Cold water ... Row & Be Damned, Quadra Island B.C.
Why? Because it's a wall that's so covered with life that you literally cannot see the substrate. Massive colonies of strawberry anemones compete for space with tubeworms, sponges, corals, and zoanthids on every inch of surface. Living among all that are so many species of fish, crab, nudibranch, starfish, and other inverterbrates that you can't remember all the different species you'll see on a given dive.
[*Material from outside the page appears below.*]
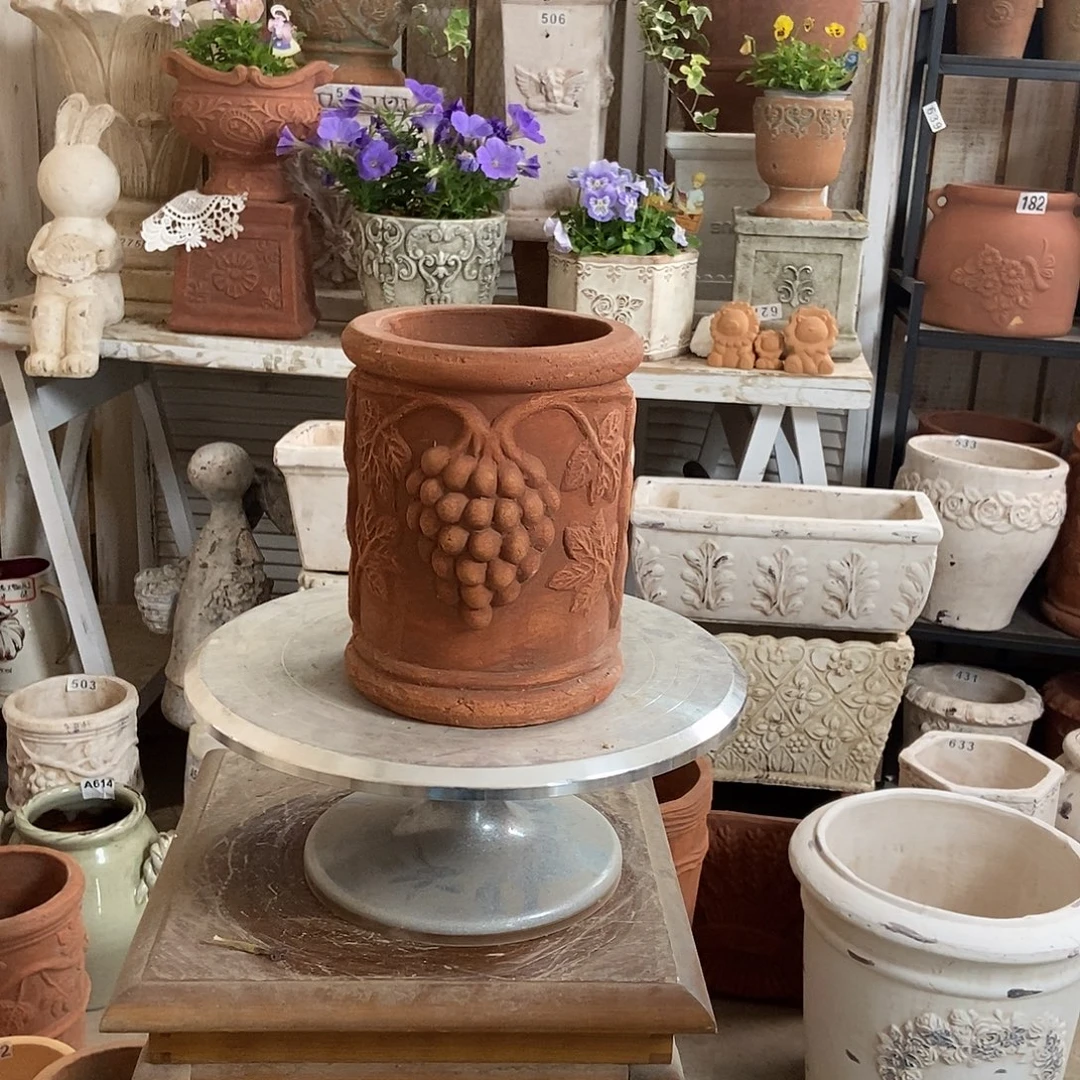 小号葡萄直径16内11.5高19手压痕迹或者硬裂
This wall is so alive because of the stiff currents that sweep through Discovery Passage every day. Diving the wall at slack gives you a new appreciation for the term. You put in at one end, descend, and let the current take you for a ride. At some point, either in time or depth, you'll change direction and sweep back the other way. If conditions are right, you'll do switchbacks at 10-20 foot depth intervals as you make your way up the wall. It's sensory overload in multiple ways ... and will leave you with a severe case of WOW.
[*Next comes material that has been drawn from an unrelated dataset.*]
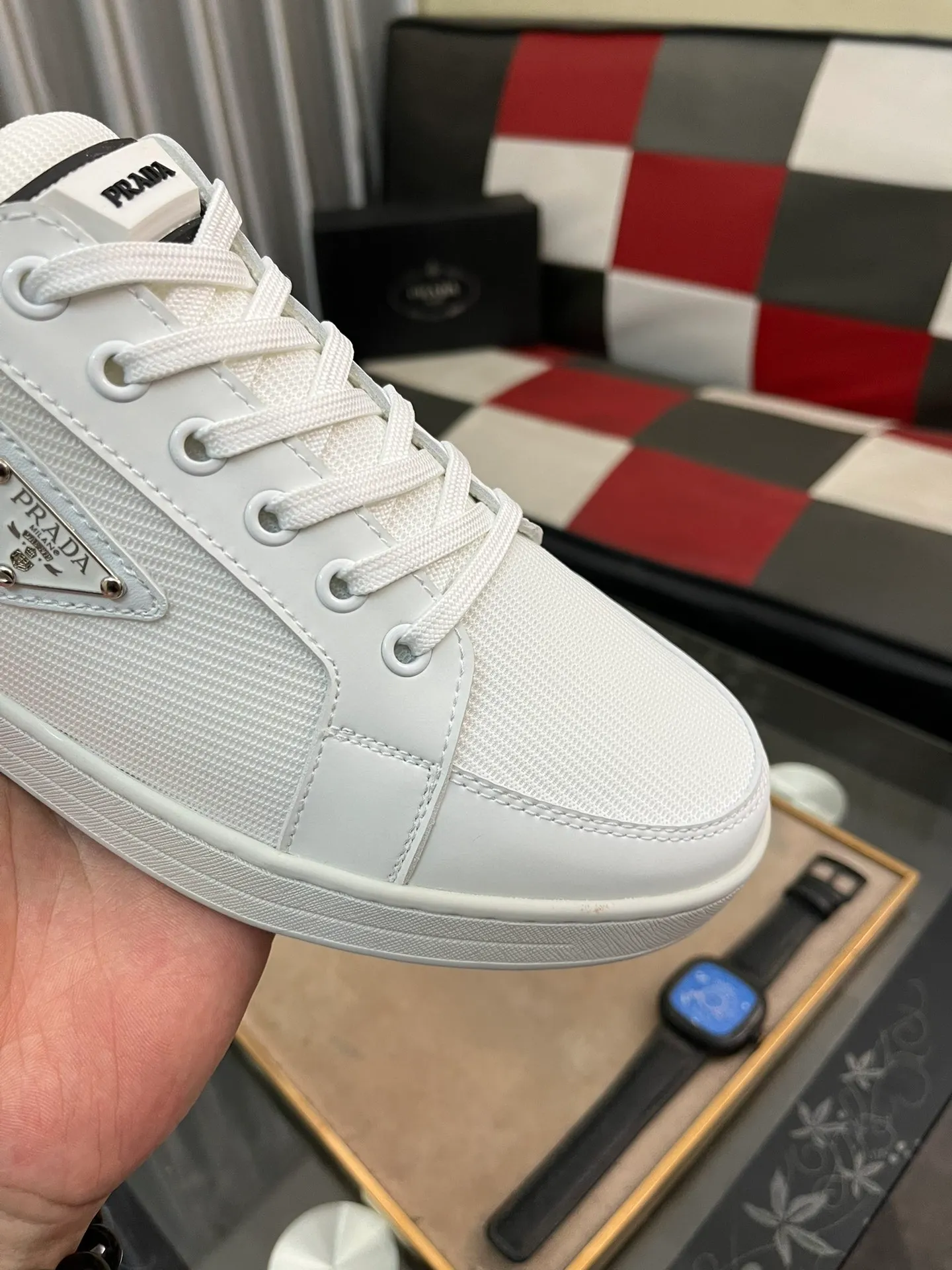 Men's shoes 💰420⌚️⌚️【PRADA】Prada - High-end quality casual sports shoes - Upper: calf leather shoe body with branded metal fasteners, - Inner lining: breathable leather lining - Outsole: ultra-light TPU foam·rubber; molded outsole -Super high quality control·Fine workmanship: highlighted (high-end·luxury·grade) -Size: 38-443️⃣Colors available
Warm water ... Tulamben, Bali. Put in at the beach in front of Paradise Villa and enjoy a three-course banquet. Go right and you get a spectacular wall, go left and explore the USS Liberty ... a sunken WWII wreck. Go straight out and poke through the beautiful vistas of Coral Garden ... perhaps my all-time favorite night dive. Tons of life in all three places ... from massive gorgonians and soft corals to schools of bump-head parrotfish to the tiny sea critters that hide in the coral heads. It's a photographer's paradise.